Im Einbandspiegel des Buchs hat die Autorin ein paar Leseproben zusammengestellt, die den Zeitgeist widerspiegeln. Eine davon lautet: „. . . so wird konstatiert, dass kaum eine Gelegenheit zu vielfacher und unauffälliger Masturbation so geeignet ist, wie sie beim Radfahren sich darbietet.“

Von solchen Verleumdungen ließen sich die Frauen jedoch nicht kleinkriegen. Immer mehr entdeckten sie diese Art der Fortbewegung für sich. Eine der Wegbereiterinnen war die Journalistin Amelie Rother. „Ihr zu Ehren habe ich als Schauplatz Berlin gewählt“, verriet die Autorin. Dank ihr und vieler anderer couragierter Frauen fanden schließlich auch Radrennen für Damen statt, die der damalige Radsportverband jedoch recht schnell verbot. Erst 1956 wurde es aufgehoben. „Heute sind wir in manchen Sportarten auch nicht viel weiter. Die Skispringerinnen mussten mit den gleichen männlichen Vorurteilen kämpfen und dürfen erst seit Herbst vergangenen Jahres neben den Männern im Weltcup starten“, verwies Petra Durst-Benning auf die Aktualität dieses Themas.

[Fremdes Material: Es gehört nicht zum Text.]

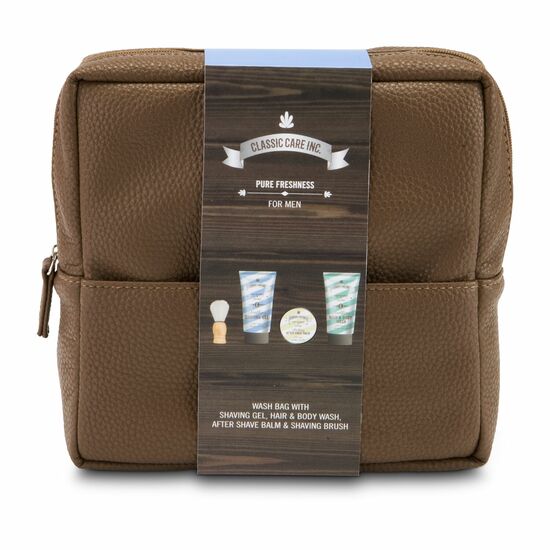 100 ml Rasiergel, 100 ml 2in1 Duschgel & Shampoo, 110 ml After Shave Balsam, Rasierpinsel, in brauner Kosmetiktasche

Die Buchpräsentation machte richtig Lust, möglichst schnell nach Hause zu kommen, sich das Buch zu schnappen und die halbe Nacht durchzulesen – ganz so, wie es Katja Roth prophezeit hat: „Das ist eine wahre Achterbahnfahrt. Beim Lesen musste ich immer wieder Petra anrufen und sagen: Was hast du gemacht? – so überraschend waren die Handlungen.“ Man merkt es dem Buch an, dass es Petra Durst-Benning genossen hat, das enge Korsett des württembergischen Königshofs – dem Schauplatz der beiden Vorgängerromane – gesprengt zu haben. Ein wahres Feuerwerk an Wendungen und Fabulierkunst erwartet die Leser. „Statt mit dem Fächer gewedelt, wird jetzt kräftig geschwitzt“, fasste Katja Roth diesen neuen Durst-Benning-Roman zusammen.